The video, posted to TikTok, had amassed over 300,000 views before it was taken down following an avalanche of concern from Australians.
“Nup, not a chance, the harbour is full of sharks and jellyfish,” one commented.
“It’s not safe to swim in Sydney Habour,” another lamented.
As one pointed out: “It’s bull shark central.”
Others said they were “scared” just watching the video, especially since the women were all fully clothed when they jumped in, labelling the act “crazy”.
“That moment the work Christmas party drinks and suddenly jumping into the harbour for a quick dip with your co-workers seems like a good idea,” the video was captioned.
The three colleagues then proceed to hold hands as they prepare to launch themselves into the water.
One is wearing a floral wrap skirt, while another is wearing a red skirt and black top. The third is wearing a long denim skirt and a white waistcoat.

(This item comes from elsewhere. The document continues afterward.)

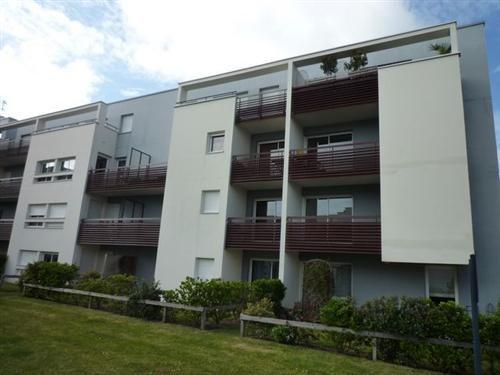 Appartement type 4 avec garage, parking et balcons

“Quick little dance and scream to do this jump,” text on the video reads, as the women leap from the dock.
A second video, which has also been removed, showed the women hauling themselves up a ladder with heavy, wet clothes, but with smiles all around.
While authorities have warned against swimming in Cockle Bay, not all of Sydney Harbour is off limits, making advice around where to go for a dip confusing.
Sydney Harbour is one massive stretch of water which measures at around 500 gigalitres in total. It drains coastal rivers and streams, plus storm water from millions of Sydneysiders. This means it gets contaminated by all the waste, dirt, debris, and even sewerage overflow that comes with such a big city.
Placemaking NSW said Sydneysiders and visitors who want to swim should head to approved swimming spots, such as Marrinawi Cove “which is safe and netted”.
“Water quality has been tested at Marrinawi Cove and it is safe for swimming, Darling Harbour has not been tested,” the spokesperson told news.com.au.
“Marrinawi Cove is located at the northern end of Barangaroo Reserve where there is safety netting to enclose the swimming area, signage and shower facilities.
“Swimmers must take care at all times, follow safety signage and use suitable footwear.”